Great Plains Studies, Center for

 

Date of this Version

Fall 1983

Document Type

Article

Citation

Great Plains Quarterly Vol. 3, No. 4, Fall 1983, pp. 235-36.

Comments

Copyright 1983 by the Center for Great Plains Studies, University of Nebraska-Lincoln

Abstract

This book, the first major publication of the Center for Western Studies at Omaha's Joslyn Art Museum, serves as "an introduction to the Inter North collections" housed at the museum. The three collections are the Maximilian Bodmer cache of 427 sketches and watercolors, the Alfred Jacob Miller collection of more than one hundred paintings, and the Artists of the Western Frontier collection (eighty-six works by thirty-seven artists, including Catlin, Eastman, Bierstadt, Remington, and Russell).

From this bountiful feast we are served only thirty-six color plates-fourteen Bodmers, thirteen Millers, nine of the Western Frontier group-and arguably too many of these are familiar. But such is the nature of introductions. Certainly the fare offered here whets the appetite: the volume is uncommonly handsome in design, and the visual material-inherently engrossing in subject-is sharp in image, true in color, and delicate in nuance.

The text keys less specifically to the paintings than one might expect. In the title essay, Pulitzer Prize-winning historian William H. Goetzmann takes a cue from literary history to conclude that romanticism is a common denominator in Western art of the nineteenth century. Thus "one way of understanding" this art, of tying it to the "mainstream of EuroAmerican thought," is to view it as an expression of "romantic sensibility." Although romanticism "never stood still," Goetzmann suggests that there are relatively stable and identifiable characteristics that appear in Western art throughout the century.

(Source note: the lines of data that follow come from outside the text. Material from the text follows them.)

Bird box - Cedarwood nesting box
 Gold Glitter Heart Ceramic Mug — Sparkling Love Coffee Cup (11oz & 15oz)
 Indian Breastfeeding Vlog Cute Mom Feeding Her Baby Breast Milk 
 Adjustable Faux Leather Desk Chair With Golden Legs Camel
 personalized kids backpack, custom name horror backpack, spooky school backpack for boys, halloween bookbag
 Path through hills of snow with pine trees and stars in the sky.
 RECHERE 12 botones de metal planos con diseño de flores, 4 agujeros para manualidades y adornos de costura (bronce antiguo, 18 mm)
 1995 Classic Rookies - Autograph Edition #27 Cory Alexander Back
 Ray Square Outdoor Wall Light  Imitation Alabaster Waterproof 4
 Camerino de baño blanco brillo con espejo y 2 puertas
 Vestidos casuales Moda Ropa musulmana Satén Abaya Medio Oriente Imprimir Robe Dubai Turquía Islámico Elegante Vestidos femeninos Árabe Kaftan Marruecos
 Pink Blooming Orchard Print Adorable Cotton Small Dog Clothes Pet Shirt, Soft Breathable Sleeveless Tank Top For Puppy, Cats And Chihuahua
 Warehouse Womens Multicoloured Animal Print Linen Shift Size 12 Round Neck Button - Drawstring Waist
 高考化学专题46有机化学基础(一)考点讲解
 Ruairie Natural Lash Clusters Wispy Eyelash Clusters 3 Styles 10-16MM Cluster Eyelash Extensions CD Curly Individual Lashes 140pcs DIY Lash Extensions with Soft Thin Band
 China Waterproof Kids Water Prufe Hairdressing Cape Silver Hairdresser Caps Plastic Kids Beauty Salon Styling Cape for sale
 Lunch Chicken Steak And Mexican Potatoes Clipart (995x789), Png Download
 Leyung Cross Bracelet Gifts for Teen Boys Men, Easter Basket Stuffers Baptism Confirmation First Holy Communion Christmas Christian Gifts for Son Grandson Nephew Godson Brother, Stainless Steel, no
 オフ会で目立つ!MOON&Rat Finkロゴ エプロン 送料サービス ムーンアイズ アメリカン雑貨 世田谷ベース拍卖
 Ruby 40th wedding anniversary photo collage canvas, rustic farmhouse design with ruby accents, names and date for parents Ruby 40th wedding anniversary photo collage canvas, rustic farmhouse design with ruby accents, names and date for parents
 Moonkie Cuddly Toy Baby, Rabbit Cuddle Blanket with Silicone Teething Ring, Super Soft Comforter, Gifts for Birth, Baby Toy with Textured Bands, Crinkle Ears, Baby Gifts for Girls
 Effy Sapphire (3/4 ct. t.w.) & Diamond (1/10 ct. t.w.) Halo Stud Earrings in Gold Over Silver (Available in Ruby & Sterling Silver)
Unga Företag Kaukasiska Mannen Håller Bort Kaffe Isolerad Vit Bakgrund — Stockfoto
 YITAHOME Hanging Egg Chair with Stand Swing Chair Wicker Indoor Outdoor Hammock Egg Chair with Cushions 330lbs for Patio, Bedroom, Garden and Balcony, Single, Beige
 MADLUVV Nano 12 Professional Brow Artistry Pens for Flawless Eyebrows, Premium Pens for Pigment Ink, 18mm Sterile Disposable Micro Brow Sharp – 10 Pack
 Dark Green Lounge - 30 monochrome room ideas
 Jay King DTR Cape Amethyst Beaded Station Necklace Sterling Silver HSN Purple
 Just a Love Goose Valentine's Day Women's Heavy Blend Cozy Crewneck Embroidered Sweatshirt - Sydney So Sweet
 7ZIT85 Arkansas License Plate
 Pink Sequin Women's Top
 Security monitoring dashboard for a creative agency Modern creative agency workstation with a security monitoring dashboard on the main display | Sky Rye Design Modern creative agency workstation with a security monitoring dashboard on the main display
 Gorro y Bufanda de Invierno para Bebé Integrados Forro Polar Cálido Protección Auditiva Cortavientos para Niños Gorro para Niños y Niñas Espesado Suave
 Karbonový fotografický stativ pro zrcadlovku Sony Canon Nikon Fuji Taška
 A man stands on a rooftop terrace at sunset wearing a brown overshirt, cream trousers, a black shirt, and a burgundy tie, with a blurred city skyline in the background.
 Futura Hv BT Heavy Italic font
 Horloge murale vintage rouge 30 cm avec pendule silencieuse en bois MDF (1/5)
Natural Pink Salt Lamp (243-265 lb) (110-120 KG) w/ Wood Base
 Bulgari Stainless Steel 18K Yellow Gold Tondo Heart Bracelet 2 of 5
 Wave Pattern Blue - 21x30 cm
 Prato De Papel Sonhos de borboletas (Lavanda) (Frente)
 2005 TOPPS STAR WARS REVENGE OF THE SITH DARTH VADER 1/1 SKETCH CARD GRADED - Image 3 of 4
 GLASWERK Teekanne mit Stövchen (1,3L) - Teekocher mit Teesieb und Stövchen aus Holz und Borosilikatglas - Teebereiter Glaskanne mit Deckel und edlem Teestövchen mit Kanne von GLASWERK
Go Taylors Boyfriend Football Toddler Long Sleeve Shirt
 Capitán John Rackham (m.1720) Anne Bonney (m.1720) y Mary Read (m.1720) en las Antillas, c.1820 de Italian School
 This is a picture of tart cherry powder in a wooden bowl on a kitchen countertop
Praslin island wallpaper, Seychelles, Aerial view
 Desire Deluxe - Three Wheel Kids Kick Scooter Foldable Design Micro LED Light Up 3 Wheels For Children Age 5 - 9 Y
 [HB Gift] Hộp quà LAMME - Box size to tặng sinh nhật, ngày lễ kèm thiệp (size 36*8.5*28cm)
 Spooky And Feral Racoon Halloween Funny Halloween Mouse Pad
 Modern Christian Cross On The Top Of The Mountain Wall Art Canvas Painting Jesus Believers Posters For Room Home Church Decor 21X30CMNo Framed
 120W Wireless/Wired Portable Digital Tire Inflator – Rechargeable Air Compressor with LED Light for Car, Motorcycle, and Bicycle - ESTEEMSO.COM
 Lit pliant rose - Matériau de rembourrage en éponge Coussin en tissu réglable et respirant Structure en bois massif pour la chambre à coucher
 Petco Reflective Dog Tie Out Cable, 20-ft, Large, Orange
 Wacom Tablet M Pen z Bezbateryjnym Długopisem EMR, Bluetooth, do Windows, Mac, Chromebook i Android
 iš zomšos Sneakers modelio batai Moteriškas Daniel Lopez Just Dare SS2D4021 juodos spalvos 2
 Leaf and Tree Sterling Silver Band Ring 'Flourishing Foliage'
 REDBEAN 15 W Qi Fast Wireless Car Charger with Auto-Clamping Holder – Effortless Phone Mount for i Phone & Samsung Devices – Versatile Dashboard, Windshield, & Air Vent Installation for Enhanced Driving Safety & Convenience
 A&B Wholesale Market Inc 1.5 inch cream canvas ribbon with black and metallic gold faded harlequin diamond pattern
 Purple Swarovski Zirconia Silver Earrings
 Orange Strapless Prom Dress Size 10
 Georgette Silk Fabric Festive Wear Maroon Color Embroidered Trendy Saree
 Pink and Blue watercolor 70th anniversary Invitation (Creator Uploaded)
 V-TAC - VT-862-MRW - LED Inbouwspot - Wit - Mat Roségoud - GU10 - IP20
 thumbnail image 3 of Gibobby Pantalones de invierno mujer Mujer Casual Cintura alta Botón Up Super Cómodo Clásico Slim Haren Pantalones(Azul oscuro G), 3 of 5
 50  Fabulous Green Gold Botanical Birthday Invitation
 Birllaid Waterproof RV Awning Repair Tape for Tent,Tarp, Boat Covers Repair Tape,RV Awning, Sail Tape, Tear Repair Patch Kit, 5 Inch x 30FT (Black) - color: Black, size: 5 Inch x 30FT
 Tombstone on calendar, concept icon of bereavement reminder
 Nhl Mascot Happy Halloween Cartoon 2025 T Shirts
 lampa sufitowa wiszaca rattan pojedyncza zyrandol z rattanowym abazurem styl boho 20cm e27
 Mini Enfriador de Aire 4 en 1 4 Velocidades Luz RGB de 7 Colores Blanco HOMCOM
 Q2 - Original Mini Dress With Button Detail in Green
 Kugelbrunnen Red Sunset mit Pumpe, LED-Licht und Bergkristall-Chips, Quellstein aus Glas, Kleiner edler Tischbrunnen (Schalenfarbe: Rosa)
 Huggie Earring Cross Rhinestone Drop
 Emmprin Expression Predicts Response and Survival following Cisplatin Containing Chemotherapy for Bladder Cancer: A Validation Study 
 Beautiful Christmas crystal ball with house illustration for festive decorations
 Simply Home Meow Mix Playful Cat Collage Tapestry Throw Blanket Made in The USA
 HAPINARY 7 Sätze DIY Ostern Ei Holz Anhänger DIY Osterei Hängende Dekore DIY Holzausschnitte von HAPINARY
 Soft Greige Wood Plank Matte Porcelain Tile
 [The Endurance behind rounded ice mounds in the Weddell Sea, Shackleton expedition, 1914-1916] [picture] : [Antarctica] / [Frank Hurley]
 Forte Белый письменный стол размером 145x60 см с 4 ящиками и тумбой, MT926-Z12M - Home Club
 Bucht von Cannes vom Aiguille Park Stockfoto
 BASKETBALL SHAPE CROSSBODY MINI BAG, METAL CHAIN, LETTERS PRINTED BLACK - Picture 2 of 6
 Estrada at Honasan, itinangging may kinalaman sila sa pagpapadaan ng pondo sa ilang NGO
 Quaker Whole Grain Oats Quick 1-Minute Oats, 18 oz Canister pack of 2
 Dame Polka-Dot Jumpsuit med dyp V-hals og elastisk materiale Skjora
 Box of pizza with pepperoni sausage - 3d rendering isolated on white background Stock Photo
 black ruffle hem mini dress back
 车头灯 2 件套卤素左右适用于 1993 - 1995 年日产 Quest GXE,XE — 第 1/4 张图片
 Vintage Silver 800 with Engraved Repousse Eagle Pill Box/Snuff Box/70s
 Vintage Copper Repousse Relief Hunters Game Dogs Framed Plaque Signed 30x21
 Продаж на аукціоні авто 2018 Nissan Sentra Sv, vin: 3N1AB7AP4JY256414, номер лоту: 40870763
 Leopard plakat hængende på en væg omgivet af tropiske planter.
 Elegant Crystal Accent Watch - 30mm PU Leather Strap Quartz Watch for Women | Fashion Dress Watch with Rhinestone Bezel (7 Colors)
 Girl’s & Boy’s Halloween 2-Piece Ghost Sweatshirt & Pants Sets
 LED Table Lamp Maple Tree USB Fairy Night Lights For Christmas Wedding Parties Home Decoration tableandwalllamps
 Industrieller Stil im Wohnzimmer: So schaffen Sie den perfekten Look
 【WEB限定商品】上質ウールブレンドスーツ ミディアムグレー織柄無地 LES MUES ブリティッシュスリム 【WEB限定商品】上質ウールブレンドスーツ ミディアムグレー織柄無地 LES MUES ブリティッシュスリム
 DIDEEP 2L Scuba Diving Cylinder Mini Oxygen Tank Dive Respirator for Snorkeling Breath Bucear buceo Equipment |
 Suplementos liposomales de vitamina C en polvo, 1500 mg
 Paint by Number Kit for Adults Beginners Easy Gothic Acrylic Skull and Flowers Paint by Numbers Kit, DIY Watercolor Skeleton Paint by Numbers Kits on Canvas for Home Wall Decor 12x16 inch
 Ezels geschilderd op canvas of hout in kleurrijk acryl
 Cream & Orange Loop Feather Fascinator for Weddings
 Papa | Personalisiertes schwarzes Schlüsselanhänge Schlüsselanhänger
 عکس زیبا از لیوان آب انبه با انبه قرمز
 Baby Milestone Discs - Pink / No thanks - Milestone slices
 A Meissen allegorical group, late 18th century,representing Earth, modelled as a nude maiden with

He labels these "pastoral elegaic" (Miller, Ranney); "scientific and ethnological" (Catlin, Bodmer); "pastoral-picturesque" (Stanley); "grand and sublime" (Bierstadt, Moran, Whittredge); "epic heroic" (Remington), and "nostalgic" (Russell). This is a stimulating hypothesis, skillfully argued and defensible in its main outlines, but for the literal-minded spectator who may resist the synthesis or simply object to this sort of fractioning, the other sections of the text may prove more satisfying.

Joseph C. Porter, the Joslyn's curator of Western American History and Ethnology, follows Goetzmann's lead-albeit at some distance-in "The Romantic Horizon in History and Ethnology." He explores the notion of the "dual legacy" of Western art, art-as-document and art-as-myth. The duality certainly appears in the pictures, but probably less as a parallel event than as a shifting emphasis, as the essentially documentary approach of the artistexplorers gave way to romantic glorifications of the landscape and finally to end-of-thecentury "mythic wild West" interpretations. Porter is at his best when he can read art as a document, and the most consequential part of his essay delineates the significance of the achievement of Catlin, Miller, Bodmer, and Pririce Maximilian. He especially pays tribute to the "hard-working, courageous artists" of the West whose work remains "a permanent legacy that continues to show the reality of the American past."

David C. Hunt, the Curator of Western American Art at the Joslyn, has prepared the artists' biographies and catalogues of works. His entries are fuller and more carefully researched than those one commonly encounters in biographical compendia, and it is a great boon to have them between two covers. Hunt includes not only the well-known masters of the nineteenth century but also lesser lights, and, since the Joslyn's "Artists of the Western Frontier" collection includes twentieth-century people, he covers several important later figures. It is an able compilation that rounds out a pleasingly useful book.